From mboxrd@z Thu Jan  1 00:00:00 1970
From: David Greaves <david@dgreaves.com>
Subject: Re: Raid Recovery after Machine Failure
Date: Sun, 13 Mar 2005 09:47:49 +0000
Message-ID: <42340C45.7060905@dgreaves.com>
References: <94a5aa6f5e94171df4c070e741014f02@stanford.edu>
Mime-Version: 1.0
Content-Type: text/plain; charset=ISO-8859-1; format=flowed
Content-Transfer-Encoding: 7bit
In-Reply-To: <94a5aa6f5e94171df4c070e741014f02@stanford.edu>
Sender: linux-raid-owner@vger.kernel.org
To: Can Sar <csar@stanford.edu>
Cc: linux-raid@vger.kernel.org
List-Id: linux-raid.ids

I *think* this is correct.
I'm a user, not a coder.
If nothing else it should help you search the archives for clarification :)
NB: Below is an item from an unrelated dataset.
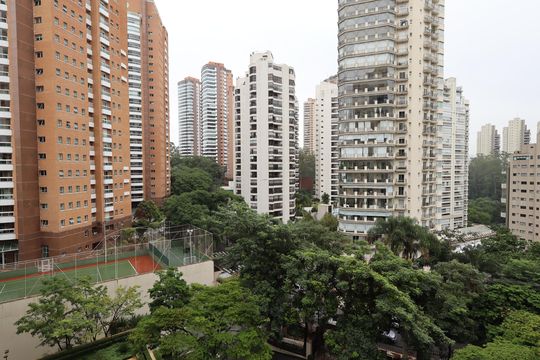 Vista da Varanda de apartamento à venda com 4 quartos, 246m² em Vila Andrade, São Paulo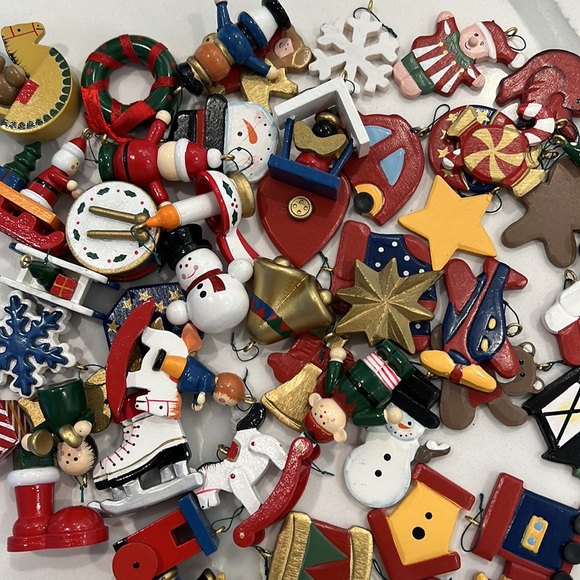 Wooden ornament, bundle - Picture 2 of 3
In general I think the answer lies around md's superblocks

Can Sar wrote:

> Hi,
>
> I am working with a research group that is currently building a tool 
> to automatically find bugs in file systems, and related questions. We 
> are trying to check whether file systems really guarantee the 
> consistencies they promise, and one aspect we are looking at is 
> running them on top of Raid devices. In order to do this we have to 
> understand a few things about the Linux Raid driver/tools and I 
> haven't been able to figure this out from the documention/source code, 
> so maybe you can help me.
> I asked this same question a few days ago, but I think I didn't really 
> state it clearly, so let me try to rephrase it.
>
> For Raid 4-6 and for say 5 disks say we write a block that is striped 
> across all the disks, and after 4 of the disks write their part of the 
> block to disk the machine crashes without the 5th disk being able to 
> complete the write. Because of this, the checksum for this stripe 
> should be incorrect, right?

If I understand correctly, the superblocks are updated after each device 
sync - in this case superblock on disk 5 is different to 1-4. This means 
that disk 5 is kicked on restart and the array re-syncs using 1-4 to 
verify or write (not sure) disk 5.

> The raid array is a Linux soft raid array set up using mdadm, and none 
> of the disks actually crashed or wrote had any errors during this 
> operation (the machine crashed for some other reason) We then reboot 
> the machine and recreate the array,

this should be 'automatic'
It's not so much 'recreate' (special recovery related meaning in md 
terminology) as 'start the md device'

> then remount it and then try to read the sector that was previously 
> written (that has an incorrect checksum). At what point will the raid 
> driver discover that something is wrong?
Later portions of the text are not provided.